= Isabel Leigh =

English lady-in-waiting (died 1573)

Isabel Leigh, Lady Stumpe (c. 1496 – 16 February 1573) was a lady-in-waiting during the reign of her younger half-sister, Katherine Howard, fifth wife and Queen Consort to Henry VIII.

== Early life ==
Isabel was the first child of Joyce Culpeper and Sir Ralph Leigh. She had two younger sisters and two younger brothers:
- Margaret Leigh (born c. 1500); married a man surnamed Rice.
- Joyce Leigh (born c. 1504); married John Stanney. May have had issue.
- John Leigh (born c. 1502); married Elizabeth, surname unknown. Had issue.
- Ralph Leigh (born c. 1498; died c. 1561); married Margaret Ireland. Had issue.

Her father Sir Ralph Leigh died c. 1509/1510 and Isabel's mother remarried to Lord Edmund Howard c. 1513/1515. They had six children.
- Margaret Howard (c. 1515 – 10 October 1572); married Sir Thomas Arundell of Wardour Castle, son of Sir John Arundell of Lanherne by his wife Lady Eleanor Grey, the daughter of Thomas Grey, 1st Marquess of Dorset.
- Mary Howard (born after 1515); married Edmund Trafford.
- Henry Howard (born after 1515); married Anne Howard.
- Charles Howard (born after 1515).
- George Howard (c. 1519 – 1580).
- Katherine Howard (c. 1524 – 13 February 1542); married Henry VIII of England.

== Marriage and issue ==
Isabel Leigh married Sir Edward Bayntun or Baynton of Bromham, Wiltshire, on 18 January 1531. They had three children.
- Henry Baynton (b. c. 1536). Married Anne Cavendish. Had issue.
- Francis Baynton (b. 1537)
- Anne Baynton (d. young)

After Edward's death in 1544, Isabel married Sir James Stumpe of Malmesbury, Wiltshire. James had been her step-daughter Bridget's husband, and Isabel and James married after Bridget died in 1545. James died in 1563.

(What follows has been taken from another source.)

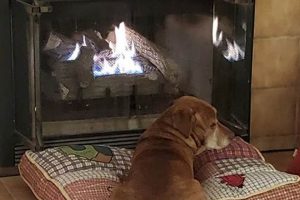 Why Chimney Heroes Matter: Safety & Care Chimney Works – Expert Chimney Repair, Cleaning & Installation Services Why Chimney Heroes Matter: Safety & Care | Chimney Works – Expert Chimney Repair, Cleaning & Installation Services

Isabel married Thomas Stafford about 1565.

==Royal connections==
The leases of many manors such as Paddington, Temple Rockley, and Chisbury were given to Edward Baynton during his marriage to Isabel. Some leases were given to Isabel after Edward Baynton's death, and they passed on to their son Henry.

On New Year's Day 1534, Isabel made a gift of a shirt to the King, embroidered with gold thread, following a gesture that had first been made by Edward's first wife Elizabeth. Isobel continued to take part in the New Year's Day gift exchange at court. In 1539 she received a silver gilt "cruse" (a cup with a cover), made by the goldsmith Morgan Wolf, and gave Henry another shirt, of Holland linen embroidered with black silk.

Isabel Baynton became one of Katherine Howard's Ladies of the Privy Chamber upon her marriage to Henry VIII. Her husband Edward Baynton was Vice-Chamberlain of the Household to all of Henry VIII's later queens, including Katherine Howard. When Queen Katherine was banished from court in 1541, Isabel was one of the four ladies-in-waiting she was allowed to take with her. An account of the jewels that was taken following the Queen's arrest noted that she had given a "girdle of goldsmith's work" to the Lady Baynton.

For a short time, from April 1539, Isabel and Edward Baynton served as guardians in charge of the households of Mary I of England, and Elizabeth I.

==Later life and death==
In 1550, Isabel obtained a lease for the dissolved monastery at Edington, Wiltshire with Edward Hastings, 1st Baron Hastings of Loughborough. An interest in the manor of Faulston near Salisbury was declined by Isabel, but after her death in February 1573 the interest was taken up by her son Henry.